Figures from the National Diabetes Audit show that over 280,000 people receive a diagnosis of diabetes each year in the UK.
The National Diabetes Audit, which includes analysis by charity Diabetes UK, estimates that there are now 3.8 million people in the UK with diabetes and a further 18 million having prediabetes, an early but reversible form of the condition.
Whilst cases of both type 1 diabetes and type 2 diabetes are on the rise, it is type 2 diabetes, caused by insulin resistance, which is rising the most dramatically. Type 2 diabetes, which is commonly linked with being overweight or obese, represents 96% of new diagnoses.
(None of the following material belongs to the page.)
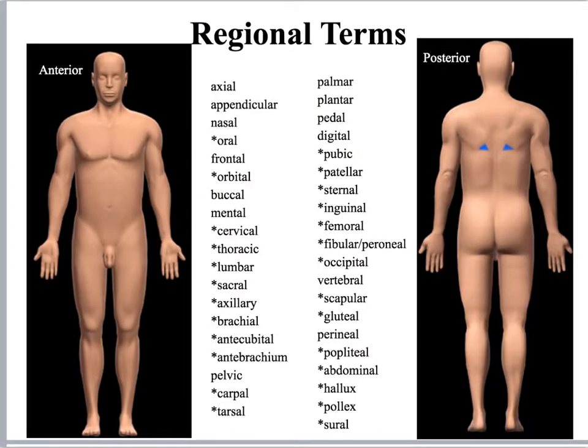Here's a place where you can practice drawing your regional terms onto the different body parts. This is a nice activity for you to do on your tablet, or you can print it out and do it on paper. You should practice all of these terms.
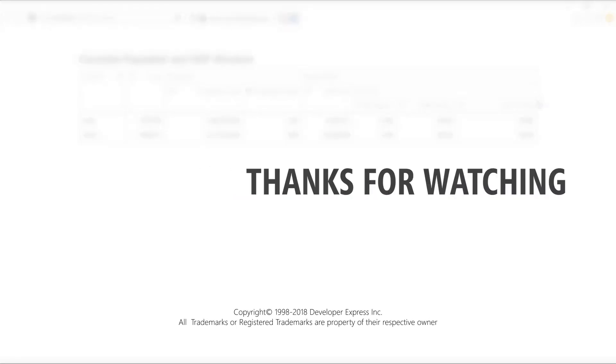And that's it. To learn more about DevExtreme ASP.NET MVC and data grid capabilities, check out this playlist. Subscribe to our channel or refer to our documentation. Thanks for watching and thank you for choosing DevExpress.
The new figures mean that 738 people are newly diagnosed with diabetes each day, with 708 of these being diagnosed with type 2 diabetes. With another 18 million having prediabetes, and therefore being on the verge of developing type 2 diabetes, it is important that people between the ages of 40 and 74 get an NHS Health Check which can assess either whether you have diabetes or your risk of developing type 2 diabetes in the short to mid term.
If current trends continue, it is estimated that 5 million people will have diabetes by 2025. People without diabetes, of any age, should be aware of the symptoms of diabetes, which include unexplained tiredness through the day, increased thirst and a frequent need to urinate. Anyone showing the symptoms of diabetes should see a doctor for a diagnosis.